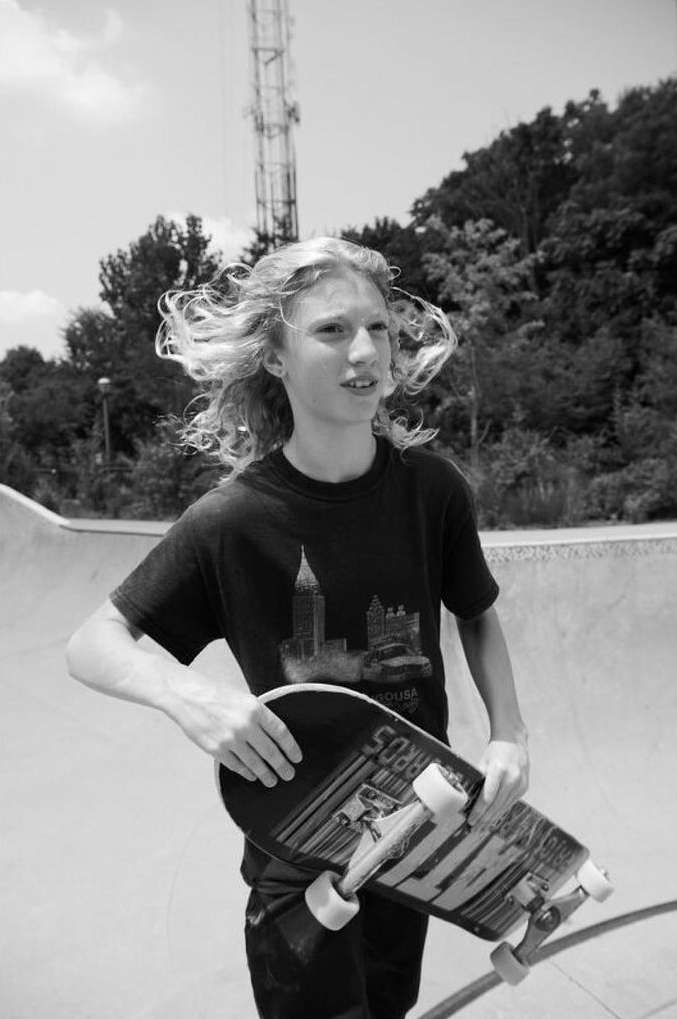 Teen skater holding a skateboard at an outdoor skatepark. Trees, sky, and a communications tower visible in the background.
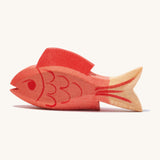 A wooden ostheimer red fish figure on a cream background.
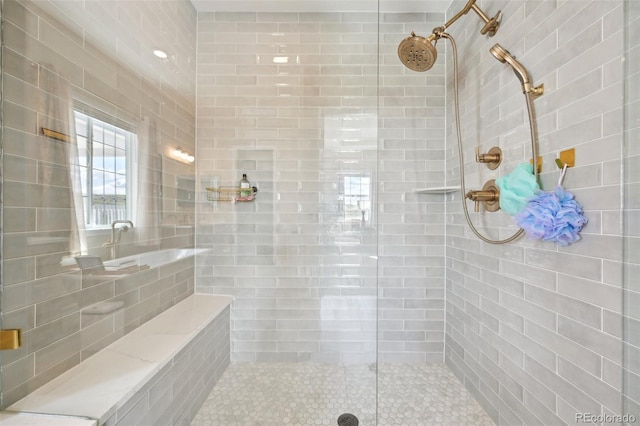 6980 S Yantley Ct, Aurora, CO 80016 - full bathroom featuring a tile shower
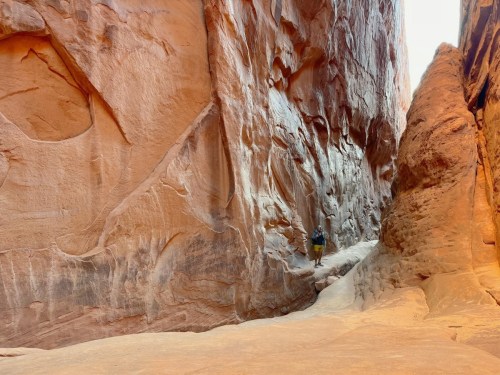 A person walks through a narrow canyon with towering red rock walls and a sandy path.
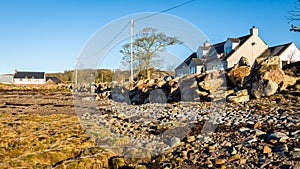 Riprap rock acting as a coastal sea defence from erosion on a cobble beach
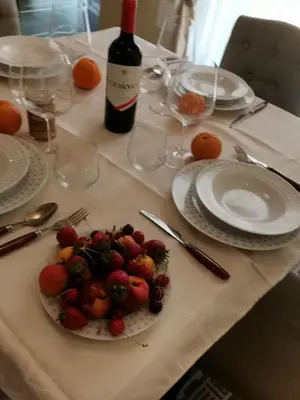 a table with a plate of fruit and a bottle of wine at Luxury Apartment Via Genova in Palermo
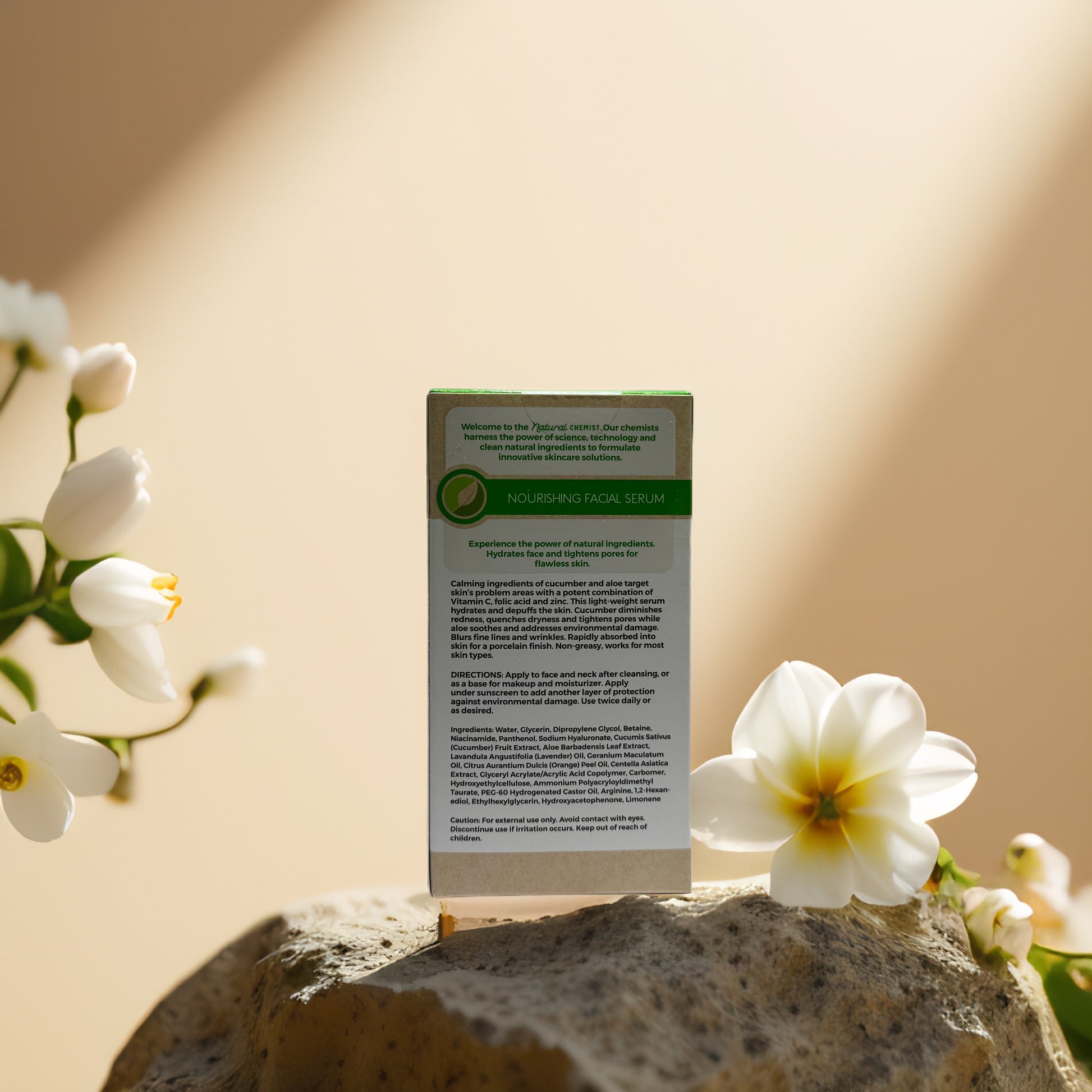 Cucumber Aloe Nourishing Facial Serum box with floral background on stone, highlighting natural ingredients for skin care.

———

■ Work required: First drop every picture, then print the data above exactly as it stands.

■ Answer box:
 Teen skater holding a skateboard at an outdoor skatepark. Trees, sky, and a communications tower visible in the background.
 A wooden ostheimer red fish figure on a cream background.
 6980 S Yantley Ct, Aurora, CO 80016 - full bathroom featuring a tile shower
 A person walks through a narrow canyon with towering red rock walls and a sandy path.
 Riprap rock acting as a coastal sea defence from erosion on a cobble beach
 a table with a plate of fruit and a bottle of wine at Luxury Apartment Via Genova in Palermo
 Cucumber Aloe Nourishing Facial Serum box with floral background on stone, highlighting natural ingredients for skin care.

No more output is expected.